Instructions for the task:
Give back the full listing exactly, setting the pictures aside.

Dataset extract:

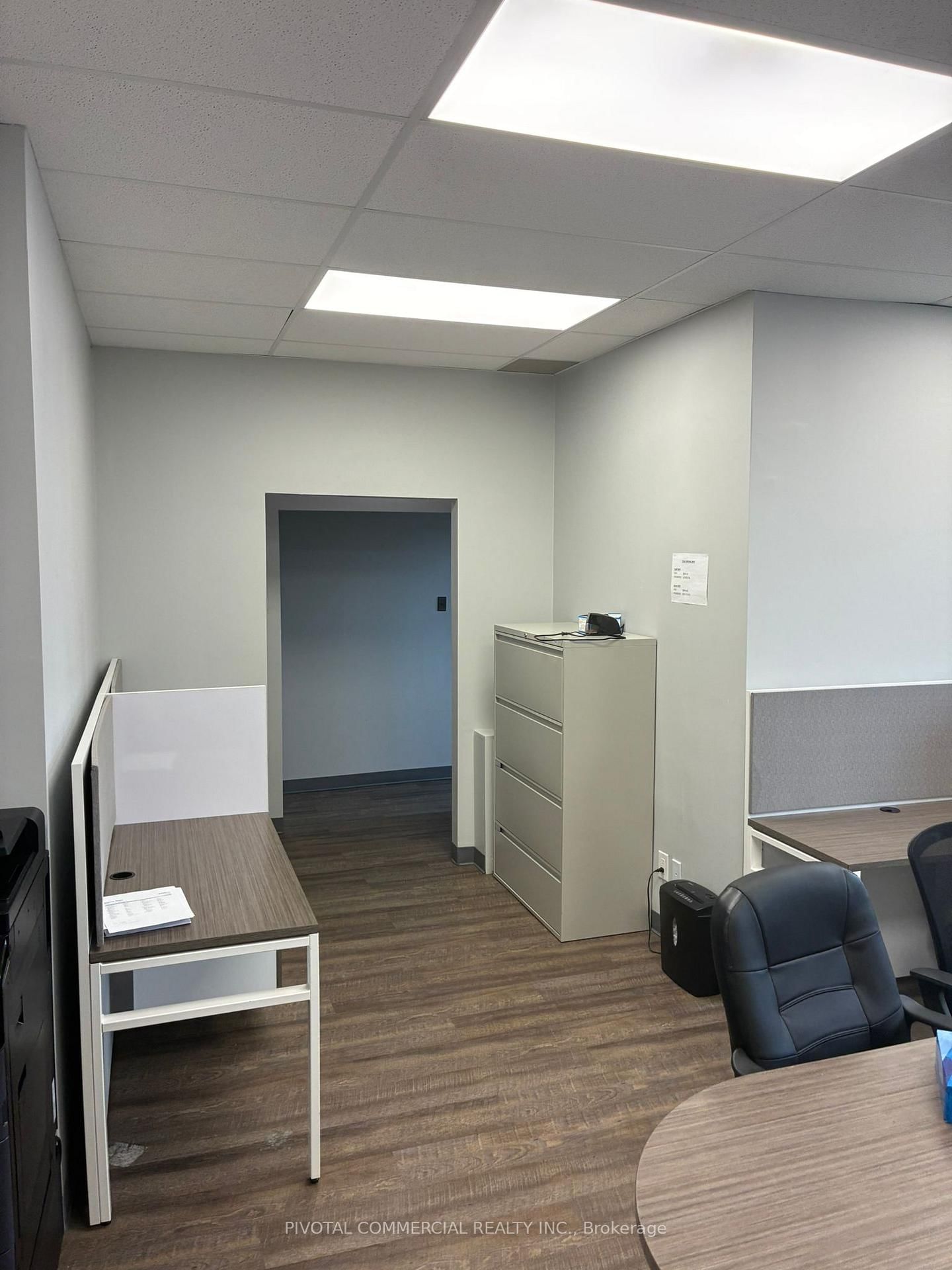 2141 Kipling Avenue, Unit 202-208 - Photo 11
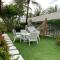 Shekinah House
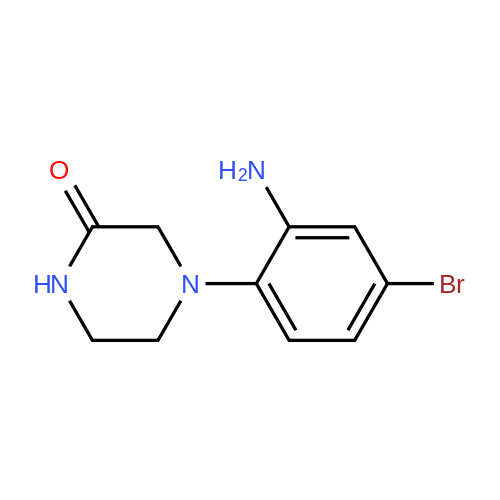 Chemical Structure| 1016845-08-1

Exercise result:
 2141 Kipling Avenue, Unit 202-208 - Photo 11
 Shekinah House
 Chemical Structure| 1016845-08-1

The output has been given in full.